West Hartford Town Hall in winter. Photo credit: Ronni Newton (we-ha.com file photo)

The competitive rate came after Standard & Poor’s reaffirmed West Hartford’s ‘AAA’ rating, while Moody’s Investor Services, which changed its rating metrics in late 2022, assigned a ‘Aa1’ rating.

By Ronni Newton 

The Town of West Hartford sold $15 million of general obligation bonds Thursday morning, obtaining a very competitive rate of 3.04% True Interest Cost (TIC) for the offering after receiving 16 bids, Town Manager Rick Ledwith said.

The general obligation bonds will be used to fund projects in the town’s capital improvement program, including updates to streets, stormwater management, and investments in schools and other municipal buildings including security.

Town officials said the rates were the best-available at the time of sale, and “an excellent indication of the town’s strong financial position and AAA status.”

In advance of the offering, the town had sought ratings from the two agencies through which it has been rated for decades – Standard & Poor’s and Moody’s Investor Services. While S&P reaffirmed the “AAA” rating the town has held since 1974, Moody’s downgraded the town a notch from its top rating of “Aaa” to “Aa1,” in accordance with new rating metrics the agency adopted in late 202

According to Ledwith, the town’s financial advisors said the action by Moody’s did not negatively impact the town’s bond offering. “It was a very active market today,” he told We-Ha.com Thursday, and the results exceeded expectations. Attempting to meet the new criteria established by Moody’s to obtain the agency’s top rating, however, would have meant adding roughly $20 million to the reserve fund this year – which would have added 3 mills to the mill rate and led to a property tax increase of roughly 7% just to meet that expense.

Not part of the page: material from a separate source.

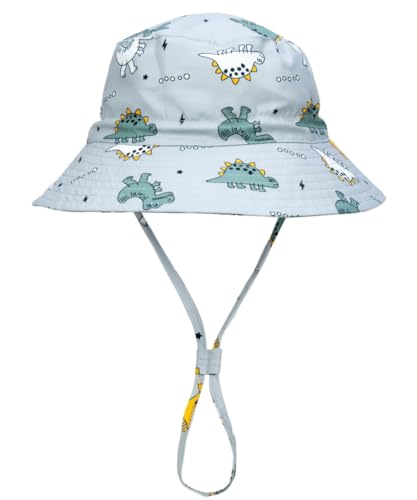 Baby Sonnenhut Kinder Hut, Sommerhut Mütze for Jungen Mädchen mit Verstellbar Kordelzug(#1 Grau,50) von Foruhoo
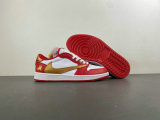Authentic Travis Scott x Air Jordan 1 Low GS Gold/Red/White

Even if there had been any additional debt service cost associated with the lower rating from Moody’s, the actual financial impact would have been minimal, and at most added a few thousand dollars a year to the town’s overall expenses over the course of 20 years. In comparison, boosting the fund balance to the level Moody’s desires would be “a monumental difference” in cost to all taxpayers, Ledwith said.

“West Hartford has been the recipient of the highest credit ratings from both Standard & Poor’s and Moody’s for many decades, a distinction that reflects the town’s strong fiscal management and strong year over year financial positions,” Mayor Shari Cantor said in a statement. “And although our unreserved fund balance is 9.2% and growing incrementally, we have unrestricted town wide reserves of 24.4%. Our financial stability is significantly improved by fully funding our pension fund with Pension Obligation Bonds, stabilizing town pension contributions and adding to our unrestricted reserves by an additional 9% for a pension reserve fund.”

S&P, in assigning its top rating, noted that it was a reflection of “West Hartford’s strong and diverse tax base; strong budgeting framework and imbedded financial policies and practices; and consistent budgetary performance over the past decade and maintenance of very healthy reserves and liquidity.” They also cited as a positive measure the town’s 2021 decision to issue pension obligation bonds as a method of addressing legacy unfunded actually accrued liabilities in the pension fund and stabilizing fixed costs.

Moody’s notified West Hartford officials in November 2022 that it would be conducting its review of the town in conjunction with its newly-released and revised “U.S. Cities and Counties” rating methodology. Although Moody’s cited the town’s financial ratios as stable, they determined they were lower than the typical rating for a “Aaa” community according to their guidelines. Moody’s specifically cited the town’s General Fund Balance ratio of 9.2% as being significantly lower than the 15% Moody’s now requires “Aaa” communities to maintain.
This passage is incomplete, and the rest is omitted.